I’ve been trying to understand why, and I think a player in our game last week got it in one, “it’s fiddly rules.” (Fiddly meaning awkward or detailed or complex). And I think that’s it. Every action has a sub step or further explanation that just adds that a bit more. Now the rulebook isn’t terrible, but it isn’t great.
For example, the round structure is explained up to clean up, but then scoring phases/next age preparation is skipped and at the end of the book. Scoring and setup for the next age should probably be mentioned in the round structure. We also debated in two different games what “uncovered benefit is.” Now this is clarified on the iconography index as to the points being end of rounds scoring and resource being immediate, but the rules as written say gain the uncovered benefit. You don’t technically uncover any benefit as they aren’t underneath buildings but rather printed below. time will tell.

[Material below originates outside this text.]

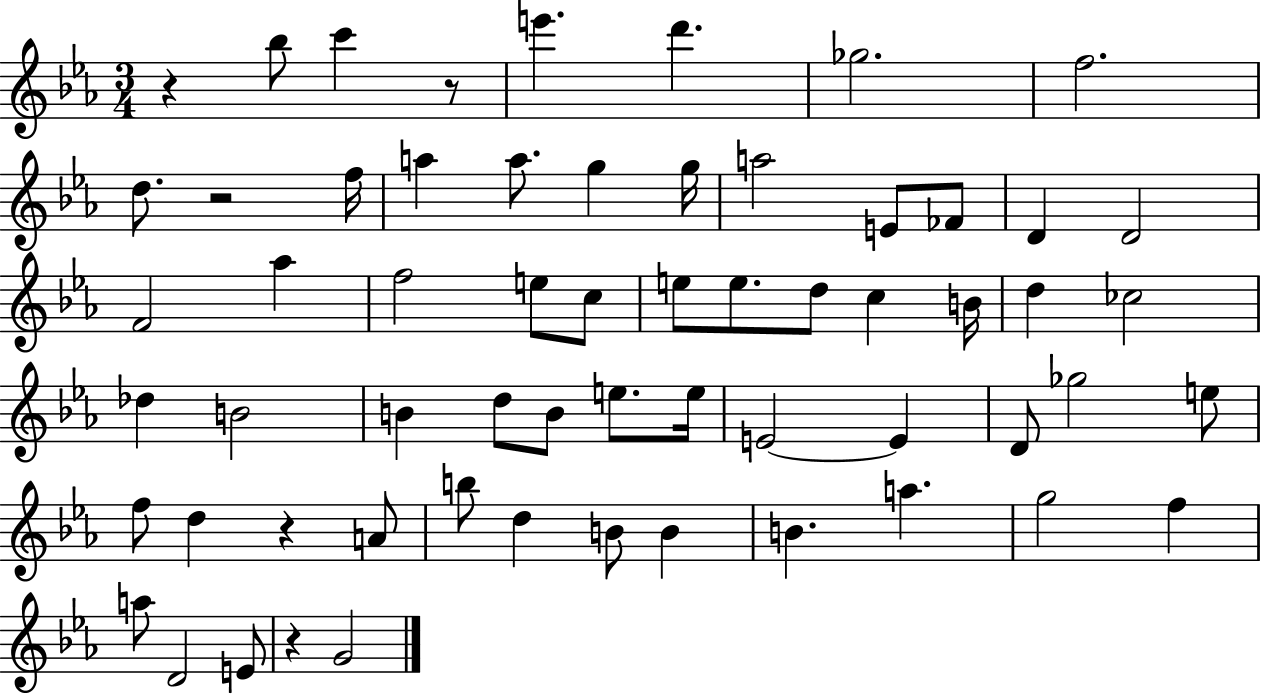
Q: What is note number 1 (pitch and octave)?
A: Bb5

On a really practical level, the components are great and great quality, as are all Board and Dice games. But, as much as I love the individual player, dice holders. I found that sitting above the board is actually a challenge because you can’t see all the action icons (I thought it was just me thing and asked a player to swap seats, they agreed). I also personally found the rules referring to “score the value in the left, scores the values in the right,” and doing that upside down meant I needed to reverse it. Normally, that’s clarified on a player aid or rulebook in scoring. Here, it’s not the case. It’s clarified on the progress tracks.
I think it might sound like I dislike Minos, and I’ll be honest, I don’t it just has its flaws. As much as I’ve enjoyed the way all the mechanisms come together to allow you to build these combos and for that reason alone, I’d happily play again. I think I am in a few weeks’ time. But it’s things that I think need to be considered or at least have an awareness of.
As you know, I rate games on a scale of:
Buy or play
Wait for sale or play if you like game XYZ
Avoid
Minos isn’t a game I hate, far from it. However, I don’t think it’s a £60-70 game. It’s a £40 game for me, and that’s one reason why it gets a wait for sale recommendation. But it’s also a play if you like Coimbra (I think the dice mechanism has similarities), I think the Artemis project also has a very similar mechanism here. There’s also combo building here that I found immensely satisfying, with the potential to do thing after thing, feels Tiletum like. I’m also confused by the 3.79 weight rating, Minos doesn’t feel like it meets that level of complexity, so I suspect it’ll come down. The complexity is definitely in the dice placement. The designer also designed Dice Hospital, and there’s some similarities here. Although there is more going on here, the way the dice are utilised feels similar.
Overall, I’d play Minos again, but I’d never play at 4 players, and I’d probably need to ensure that there’s no AP prone players at the table. As Minos would just grind to an even bigger halt!